In this exercise, every entry is to be transcribed exactly as written.

Material for this exercise Start Marker

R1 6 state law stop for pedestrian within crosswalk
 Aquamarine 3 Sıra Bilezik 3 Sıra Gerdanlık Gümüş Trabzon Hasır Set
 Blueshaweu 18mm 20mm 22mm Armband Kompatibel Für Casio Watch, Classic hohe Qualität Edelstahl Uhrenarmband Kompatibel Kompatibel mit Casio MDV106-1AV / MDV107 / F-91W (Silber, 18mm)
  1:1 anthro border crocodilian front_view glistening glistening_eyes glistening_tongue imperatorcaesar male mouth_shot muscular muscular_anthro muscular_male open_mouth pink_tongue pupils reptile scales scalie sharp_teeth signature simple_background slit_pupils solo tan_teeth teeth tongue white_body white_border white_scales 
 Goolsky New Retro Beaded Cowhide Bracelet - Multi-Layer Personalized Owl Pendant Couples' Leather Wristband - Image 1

Material for this exercise End Marker

§ **Exercise response**
R1 6 state law stop for pedestrian within crosswalk
 Aquamarine 3 Sıra Bilezik 3 Sıra Gerdanlık Gümüş Trabzon Hasır Set
 Blueshaweu 18mm 20mm 22mm Armband Kompatibel Für Casio Watch, Classic hohe Qualität Edelstahl Uhrenarmband Kompatibel Kompatibel mit Casio MDV106-1AV / MDV107 / F-91W (Silber, 18mm)
  1:1 anthro border crocodilian front_view glistening glistening_eyes glistening_tongue imperatorcaesar male mouth_shot muscular muscular_anthro muscular_male open_mouth pink_tongue pupils reptile scales scalie sharp_teeth signature simple_background slit_pupils solo tan_teeth teeth tongue white_body white_border white_scales 
 Goolsky New Retro Beaded Cowhide Bracelet - Multi-Layer Personalized Owl Pendant Couples' Leather Wristband - Image 1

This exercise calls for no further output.